今回は、著作物とは何かについて考えてみましょう。

知的財産とは?
 新聞、テレビ、インターネット上のニュースなどで「知財」という言葉をよく聞くようになりました。「知財」は、「知的財産」の略で、一般的には人間の知的創造活動の結果である創作物といわれます。
 平成15年に施行された『知的財産基本法』という法律では、「発明、考案、植物の新品種、意匠、著作物その他の人間の創造的活動により生み出されるもの・・・商標、商号その他事業活動に用いられる商品又は役務を表示するもの及び営業秘密その他の事業活動に有用な技術上又は営業上の情報をいう」と規定されています。
 ここでいう、「発明」、「考案」、・・・「著作物」、「商標」などは、特許法、実用新案法、著作権法、商標法といった法律で規定されています。

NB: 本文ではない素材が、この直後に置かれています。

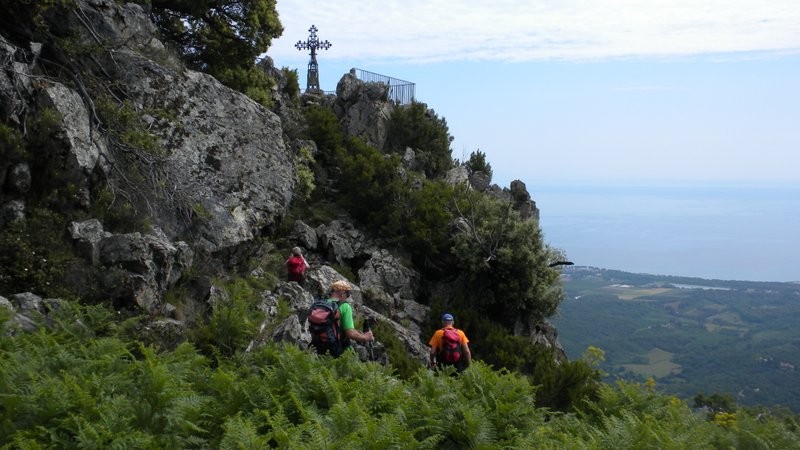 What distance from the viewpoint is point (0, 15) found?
13.5 m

また知的財産基本法では、創作物ではないけれど産業上の利用可能性などがあるということで、営業上のノウハウやトレードシークレットなども知的財産に含めています。

著作物とは?
○思想または感情を創作的に表現したもの
 では、知的財産権基本法で知的財産と定義されている「著作物」とは何でしょう。著作権法では著作物を、 “思想又は感情を創作的に表現したものであつて、文芸、学術、美術又は音楽の範囲に属するもの”と定義しています。 “思想又は感情を創作的に表現したもの”とは、人間の知的活動の成果を客観的に表現したものであると言われています。たとえば、今日の平均株価はいくらであるか、昭和何年に何が起こったという事実やデータは、著作物とはなりません。一方、事実や自然界の事象や現象を文章として表現したり、表やグラフなどにまとめると、それは著作物となります。また、「創作的に表現したもの」とは、「ありふれた表現」ではないものとされています。誰が表現しても同様のものとなるものは、「表現」とはいえません。そこに高い芸術的価値があるかどうかは、関係ありません。ですから、幼稚園児や小学生が描いた絵も(もちろん、高く芸術的に評価されるものもありますが…)も、著作物であるといわれています。「表現」は、文字や記号、線、面、色彩、音階などによってされます。

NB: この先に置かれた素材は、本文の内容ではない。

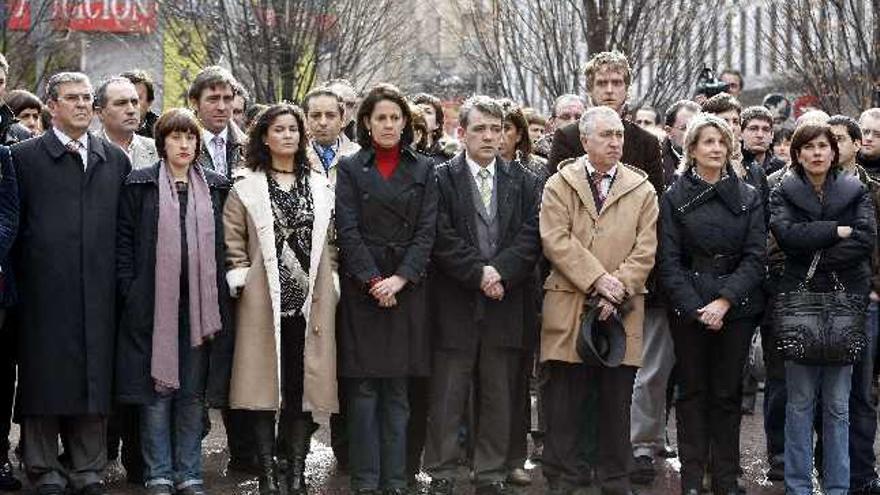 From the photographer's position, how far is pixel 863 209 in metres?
8.32

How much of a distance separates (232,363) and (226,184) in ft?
3.52

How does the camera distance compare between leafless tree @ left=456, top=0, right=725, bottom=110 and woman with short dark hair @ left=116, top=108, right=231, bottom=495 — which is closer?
woman with short dark hair @ left=116, top=108, right=231, bottom=495

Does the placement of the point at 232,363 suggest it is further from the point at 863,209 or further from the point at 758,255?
the point at 863,209

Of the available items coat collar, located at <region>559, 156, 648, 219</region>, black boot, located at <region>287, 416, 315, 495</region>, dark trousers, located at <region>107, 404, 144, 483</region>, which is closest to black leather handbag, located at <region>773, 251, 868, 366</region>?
coat collar, located at <region>559, 156, 648, 219</region>

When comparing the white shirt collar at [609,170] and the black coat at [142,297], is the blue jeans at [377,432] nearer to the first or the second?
the black coat at [142,297]

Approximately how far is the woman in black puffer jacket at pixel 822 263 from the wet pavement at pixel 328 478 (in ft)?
1.98

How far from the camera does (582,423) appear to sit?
341 inches

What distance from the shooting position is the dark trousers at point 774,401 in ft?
30.0

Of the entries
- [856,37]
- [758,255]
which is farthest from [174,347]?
[856,37]

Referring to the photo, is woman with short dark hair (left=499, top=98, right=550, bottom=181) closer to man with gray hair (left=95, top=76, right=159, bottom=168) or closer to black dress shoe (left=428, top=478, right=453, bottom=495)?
black dress shoe (left=428, top=478, right=453, bottom=495)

 アーティストの藤浩志さんは、「作品っていうのは、“自分の頭のなかにあるなんかモヤモヤしたものを人に伝えるために表現したもの”なんだよね」とおっしゃっていました。まさに、それが著作物なんだろうと思います。
 さらに、“文芸、学術、美術又は音楽の範囲に属するもの”が著作物とされていますが、これは、この文芸や学術というジャンルにあてはまるか否かではなく、文化的精神活動の所産である必要があるということです。最近、デザイン性の高いコンピュータやデジカメなどの電化製品が数多く売られていますが、これらのデザインは著作権法で保護している著作物ではありません。これらの産業デザインは、意匠法などで保護されます。

○アイデアは著作物?
 さて、本や音楽、映画などは著作物であるとわかりましたが、では、絵画の作風はどうでしょうか。推理小説のトリックや、ワークショップなどを実施するためのアイデアはどうでしょうか。実は、これらは“思想又は感情”かもしれませんが、“表現したもの”ではないので、著作権法でいう著作物ではありません。よって、著作権法の保護を受けることはできないのです。

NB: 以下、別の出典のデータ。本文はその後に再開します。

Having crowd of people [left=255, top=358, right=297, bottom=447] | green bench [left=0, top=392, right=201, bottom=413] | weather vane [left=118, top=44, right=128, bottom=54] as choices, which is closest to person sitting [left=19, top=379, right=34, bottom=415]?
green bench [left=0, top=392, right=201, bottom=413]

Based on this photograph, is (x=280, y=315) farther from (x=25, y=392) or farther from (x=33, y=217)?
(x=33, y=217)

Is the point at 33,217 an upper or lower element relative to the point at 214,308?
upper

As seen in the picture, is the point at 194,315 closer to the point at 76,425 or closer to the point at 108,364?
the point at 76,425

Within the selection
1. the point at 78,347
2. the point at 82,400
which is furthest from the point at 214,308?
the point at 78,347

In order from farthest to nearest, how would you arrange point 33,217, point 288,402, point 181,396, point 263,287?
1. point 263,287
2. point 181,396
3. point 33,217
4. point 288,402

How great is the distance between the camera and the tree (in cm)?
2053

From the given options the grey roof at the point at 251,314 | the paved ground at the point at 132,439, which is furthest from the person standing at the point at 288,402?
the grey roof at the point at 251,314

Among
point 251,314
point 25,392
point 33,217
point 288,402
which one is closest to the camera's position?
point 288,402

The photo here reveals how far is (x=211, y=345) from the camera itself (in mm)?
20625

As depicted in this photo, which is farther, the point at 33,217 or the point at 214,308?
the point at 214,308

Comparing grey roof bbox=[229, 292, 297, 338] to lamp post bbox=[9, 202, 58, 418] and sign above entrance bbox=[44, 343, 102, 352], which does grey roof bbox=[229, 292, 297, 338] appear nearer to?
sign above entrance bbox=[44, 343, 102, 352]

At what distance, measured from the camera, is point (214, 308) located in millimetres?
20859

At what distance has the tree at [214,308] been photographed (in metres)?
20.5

 アイデアや着想、あるいは作風等を生み出すことは、創作活動のうえで非常に重要な行為です。ときには、アイデアや着想のほうに価値があると考えられることも多々あるでしょう。しかし、著作権法などの知的財産権法が目指すものは、知的創作活動というものは、先人の知的財産を踏まえながら、さらに創作活動が行われることで文化の発展を促すということを目的としています。よって、アイデアなどを思いついた個人に過度の独占権を与えることは、文化の発展を阻害するものと考えられ、アイデアは著作権法では保護されません。たとえば、ワークショップそのものに関するアイデア、ワークショップの運営の仕方などを他人のものを真似してワークショップを実施しても著作権法違反とはなりません。もちろん、そのワークショップの企画書などがあり、非常に工夫して作成された手順などを示した図表などがあって、その図表等を他人のものそのまま使用した場合は、著作権法違反となります。


※この記事は『ミュゼ VOL.87』(2009.1.25発行 株式会社アムプロモーション)からの転載です。